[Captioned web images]
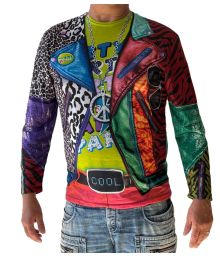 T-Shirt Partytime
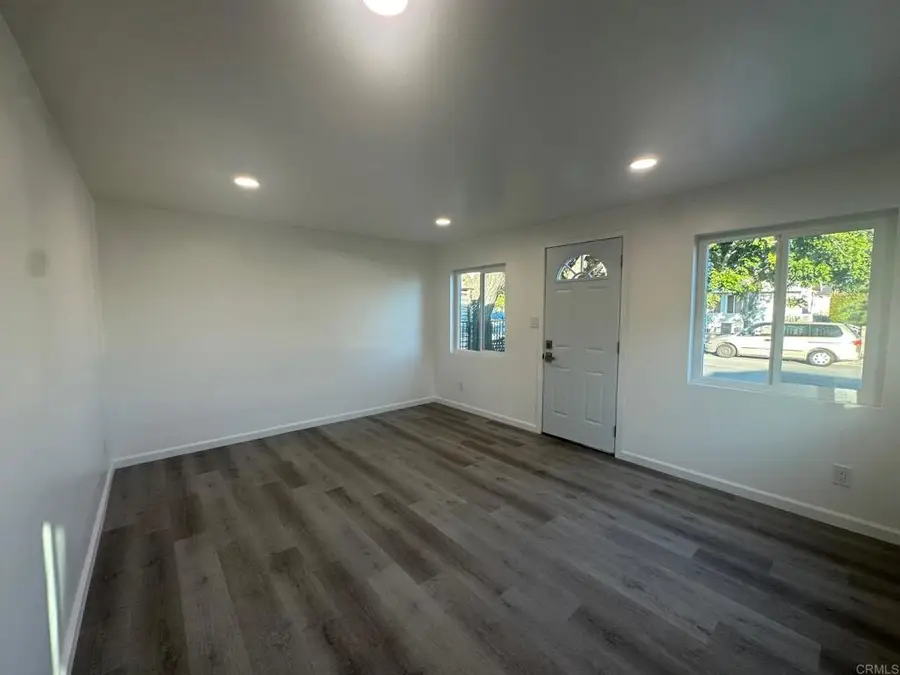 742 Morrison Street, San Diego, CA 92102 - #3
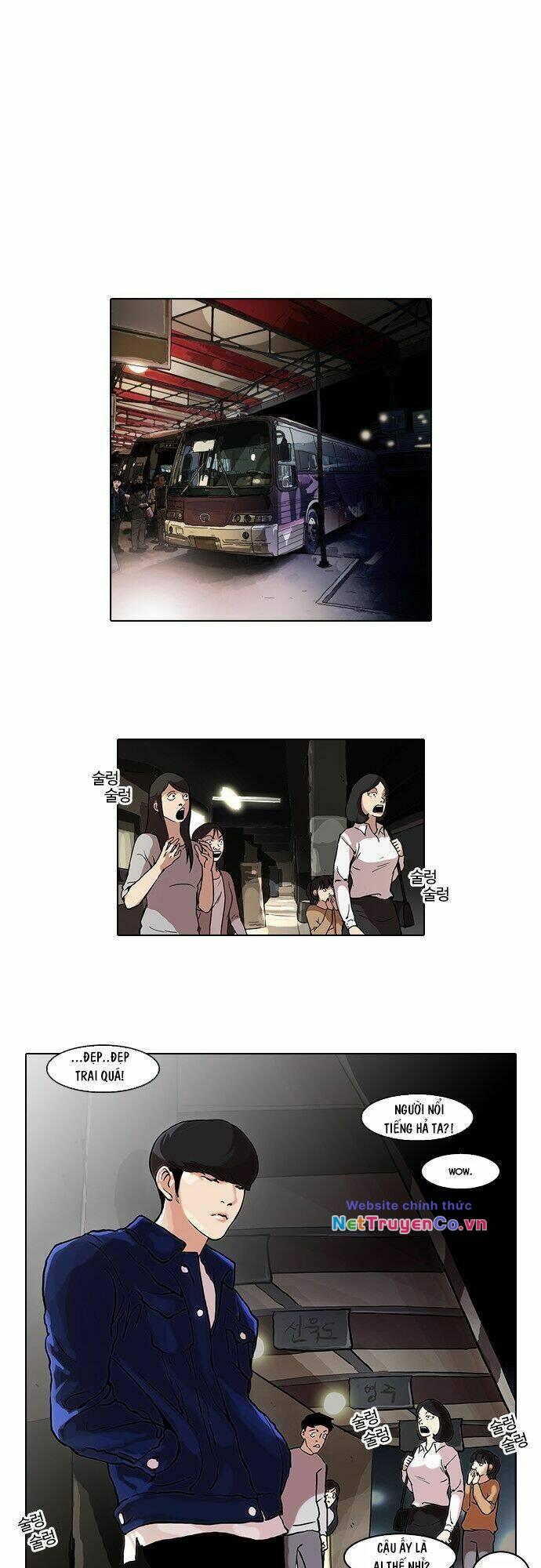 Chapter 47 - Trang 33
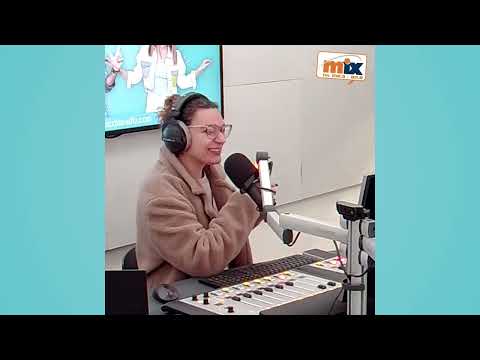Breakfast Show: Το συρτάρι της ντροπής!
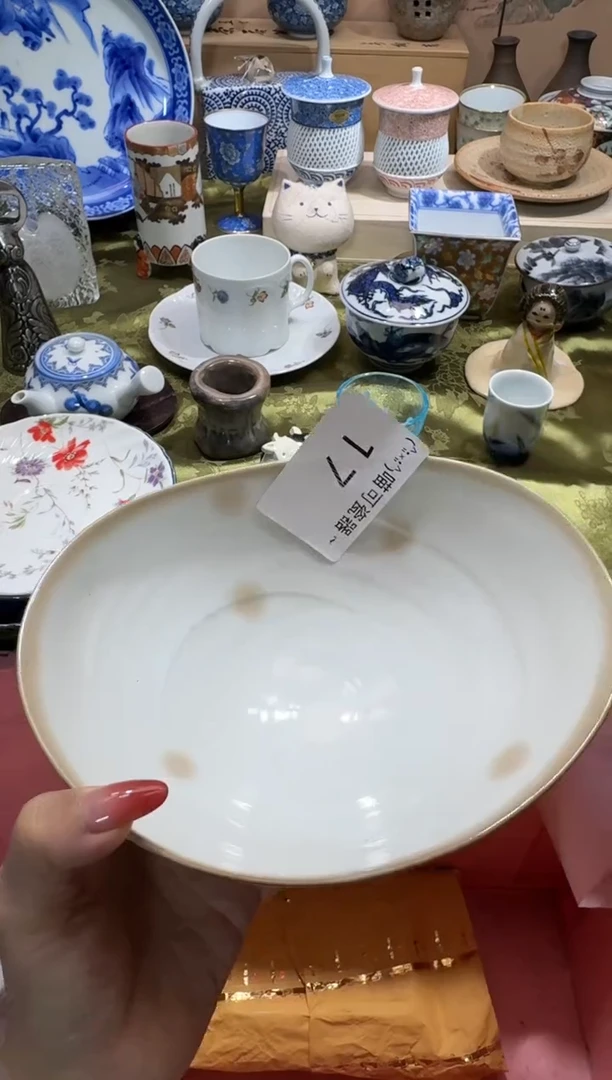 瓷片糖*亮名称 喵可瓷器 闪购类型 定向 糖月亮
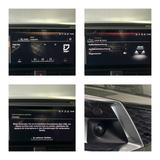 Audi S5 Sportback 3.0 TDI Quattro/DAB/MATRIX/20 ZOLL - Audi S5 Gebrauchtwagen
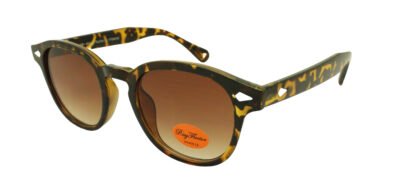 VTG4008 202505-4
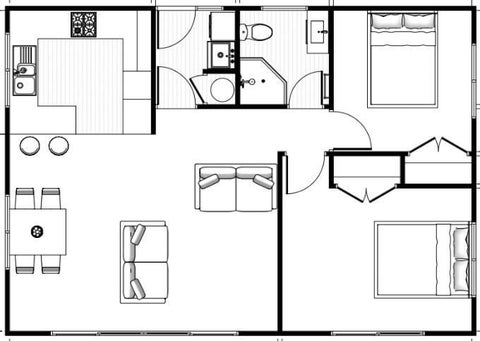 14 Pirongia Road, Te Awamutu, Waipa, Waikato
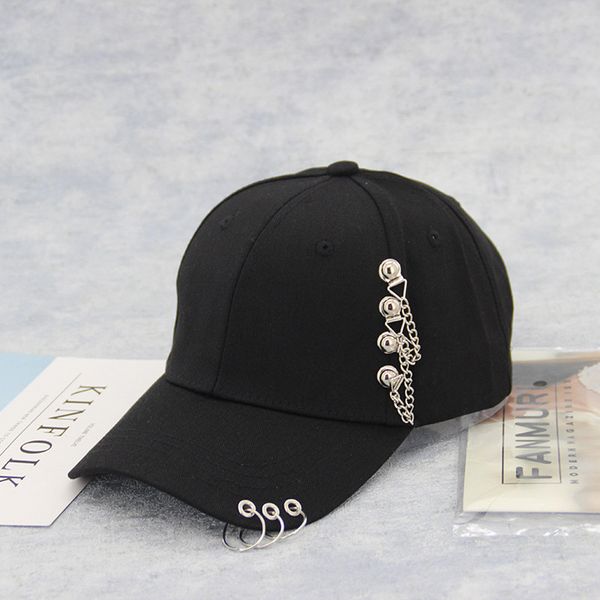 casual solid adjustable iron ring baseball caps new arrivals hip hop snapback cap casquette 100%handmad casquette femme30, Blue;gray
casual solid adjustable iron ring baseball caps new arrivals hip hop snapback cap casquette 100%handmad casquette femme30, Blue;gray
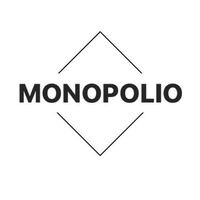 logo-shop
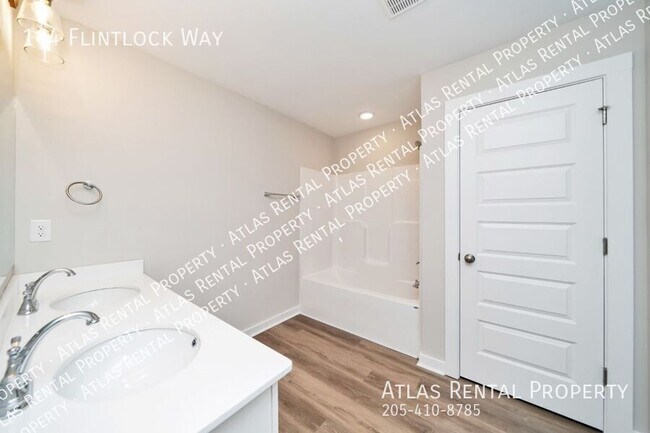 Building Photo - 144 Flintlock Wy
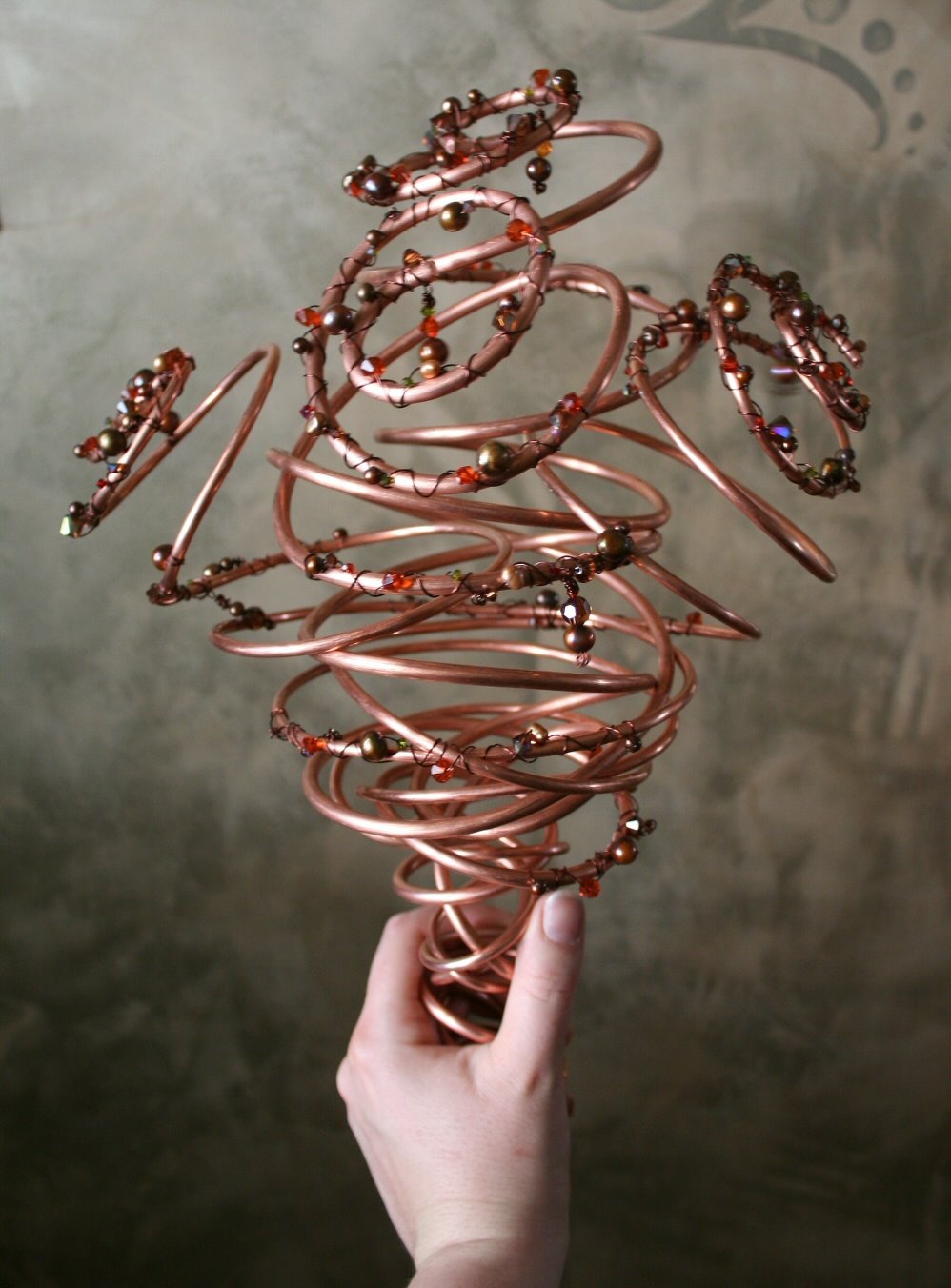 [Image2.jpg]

Instructions to follow
Write the records out again in full, exactly, and skip every picture.

Solution to this exercise
 T-Shirt Partytime
 742 Morrison Street, San Diego, CA 92102 - #3
 Chapter 47 - Trang 33
Breakfast Show: Το συρτάρι της ντροπής!
 瓷片糖*亮名称 喵可瓷器 闪购类型 定向 糖月亮
 Audi S5 Sportback 3.0 TDI Quattro/DAB/MATRIX/20 ZOLL - Audi S5 Gebrauchtwagen
 VTG4008 202505-4
 14 Pirongia Road, Te Awamutu, Waipa, Waikato
 casual solid adjustable iron ring baseball caps new arrivals hip hop snapback cap casquette 100%handmad casquette femme30, Blue;gray
casual solid adjustable iron ring baseball caps new arrivals hip hop snapback cap casquette 100%handmad casquette femme30, Blue;gray
 logo-shop
 Building Photo - 144 Flintlock Wy
 [Image2.jpg]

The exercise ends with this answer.